Kommentar: Eine Kaufprämie nur für Elektroautos ist eine schwere Niederlage für die Branche

Die Pkw-Nachfrage ist auf das Niveau von 1991 gesunken, die Stimmung ist schlechter als während der Finanzkrise.
Lange wurde gestritten, nun steht fest: Die Bundesregierung lehnt in ihrem Mittwochabend beschlossenen Konjunkturpaket Subventionen für den Kauf von Autos mit Verbrennungsmotor ab.
Dass nun nur die bestehende Kaufprämie für Elektroautos und teilelektrische Fahrzeuge auf bis zu 6000 Euro verdoppelt wird, ist nach den ebenso forschen wie lautstarken Forderungen von Verbandspräsidentin Hildegard Müller und den Auto-Chefs eine Überraschung – und eine schwere Niederlage für die Branche. Auch wenn mit Plug-in-Hybrid-Modellen auch Verbrennungsmotoren indirekt gefördert werden.
Wochenlang hatten die Chefs von Volkswagen, Daimler und BMW für staatliche Hilfen geworben, um den Pkw-Absatz wieder anzukurbeln. „Wir brauchen dringend ein Konjunkturprogramm für die Autoindustrie“, forderte VW-Chef Herbert Diess. Als wirksamstes Mittel dafür schwebte Daimler-CEO Ola Källenius eine möglichst einfache Kaufprämie vor – „pauschal für alle Produkte“. Diesel, Benziner, Hybride und Elektroautos sollten gleichermaßen subventioniert werden, befand auch BMW-Boss Oliver Zipse.
Doch die Lenker der drei Dax-Konzerne fanden dieses Mal kein Gehör in Berlin. Das ist umso erstaunlicher angesichts der desolaten Lage: Die Leitindustrie leidet massiv in der Coronakrise – und mit ihr die deutsche Wirtschaft.
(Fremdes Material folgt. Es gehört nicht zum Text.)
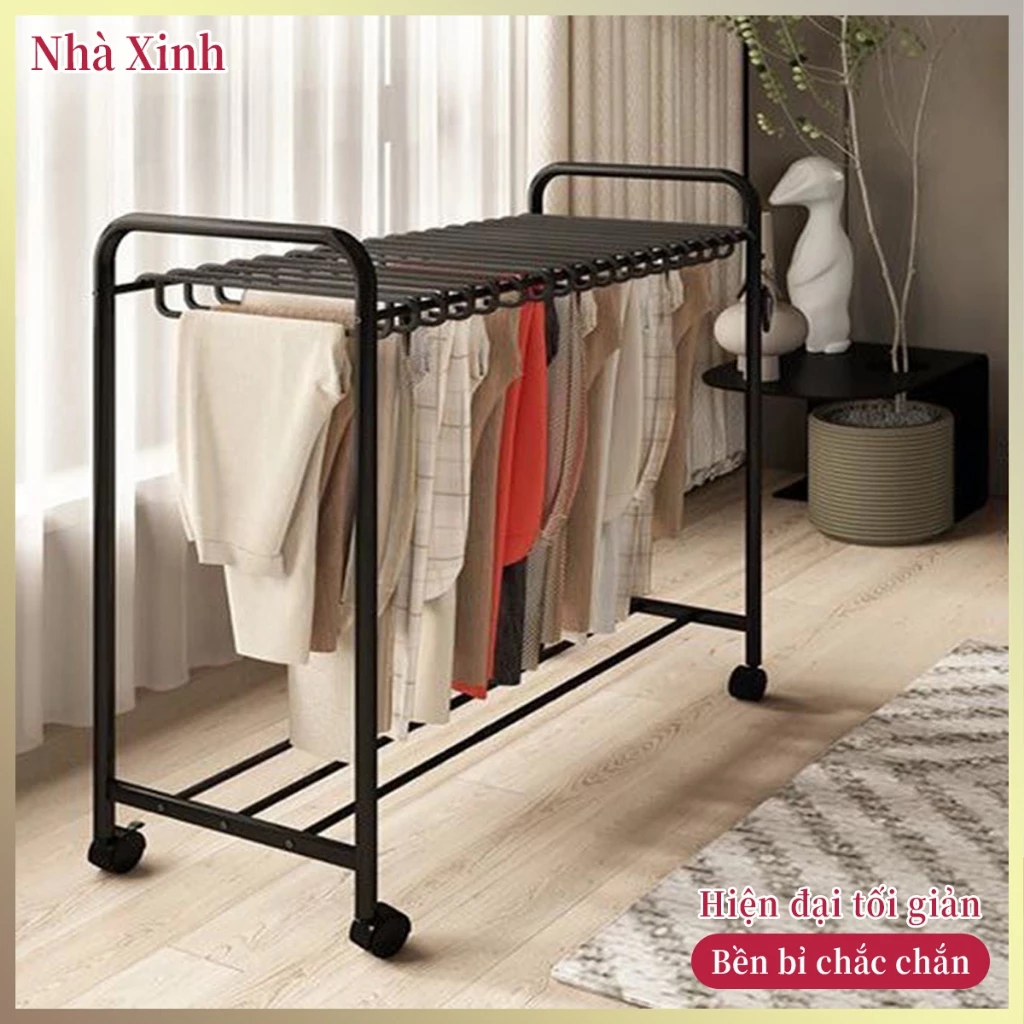 Giá treo quần đứng sàn kim loại dày dặn, co giãn chiều dài, bánh xe đa hướng, bền chắc chống gỉ, dung tích lớn tiện dụng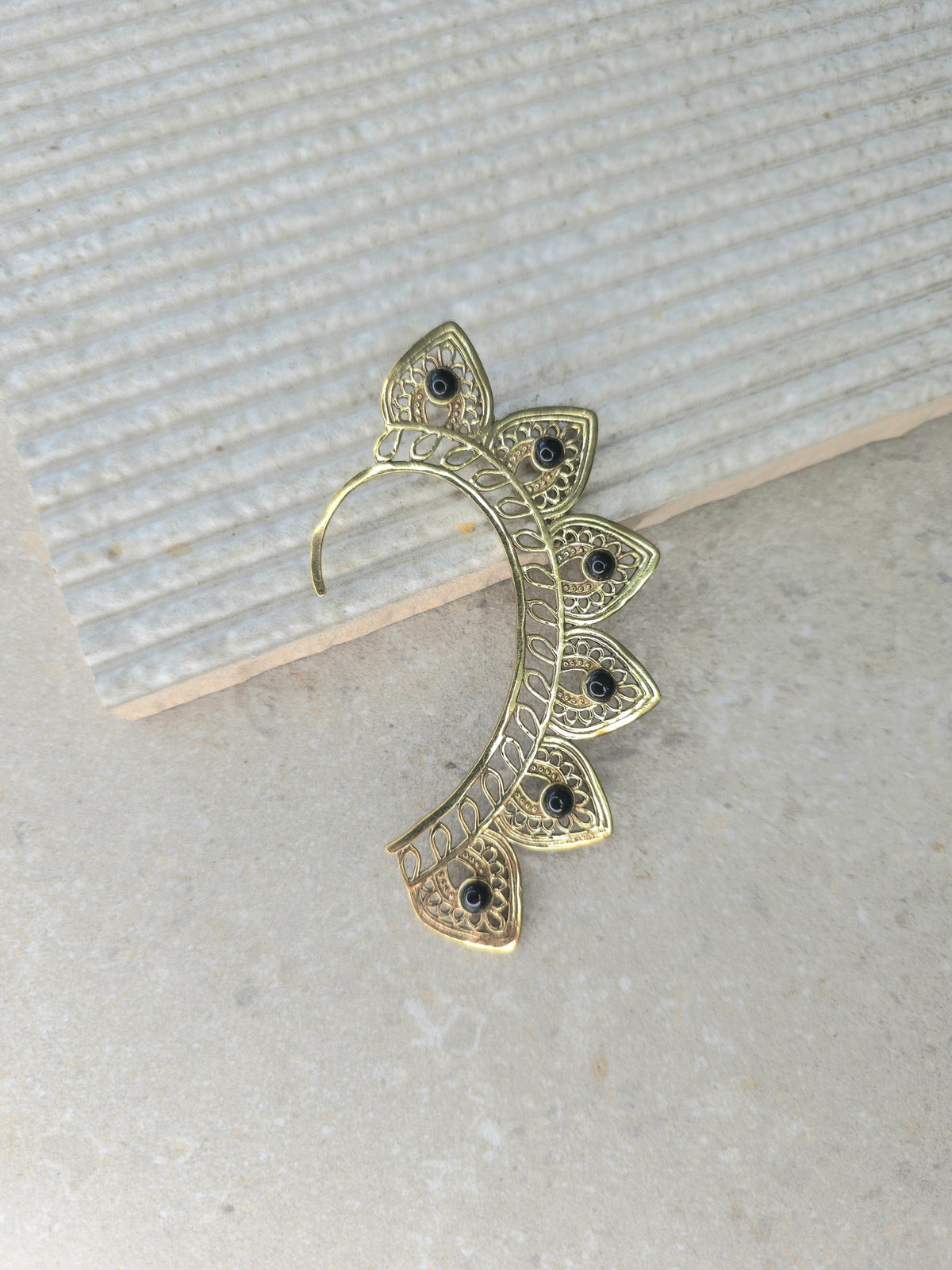 Black point ear cuff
Die Pkw-Nachfrage ist auf das Niveau von 1991 gesunken, die Stimmung ist schlechter als während der Finanzkrise.
Wer bei dem 57 Punkte umfassenden Beschlusspapier der Koalition zwischen den Zeilen liest, könnte sogar eine kleine Spitze entdecken. Unter Punkt 35, in dem es um die Maßnahmen zur Stärkung der Mobilität geht, heißt es unter anderem, hierzu solle „der Strukturwandel der Automobilindustrie begleitet“ werden. Ein Schelm, wer dabei an „beschleunigt“ denkt.
Denn obwohl die deutsche Autoindustrie mehr als ein Drittel der gesamten weltweiten Ausgaben für Forschung und Entwicklung der Branche beisteuert, hat sie die erste Runde der Elektromobilität verschlafen. Der Dieselskandal hat obendrein Ansehen und Vertrauen gekostet.
Die Entscheidung der Politik gegen eine Kaufprämie für alle Antriebsraten zeigt, dass der Einfluss der mächtigen Industrie bröckelt und längst nicht mehr so stark ist wie noch vor ein paar Jahren. Die Branche und ihre Vertreter können sich nicht mehr auf die bedingungslose Unterstützung aus den Berliner Reihen verlassen. Und das ist auch gut so.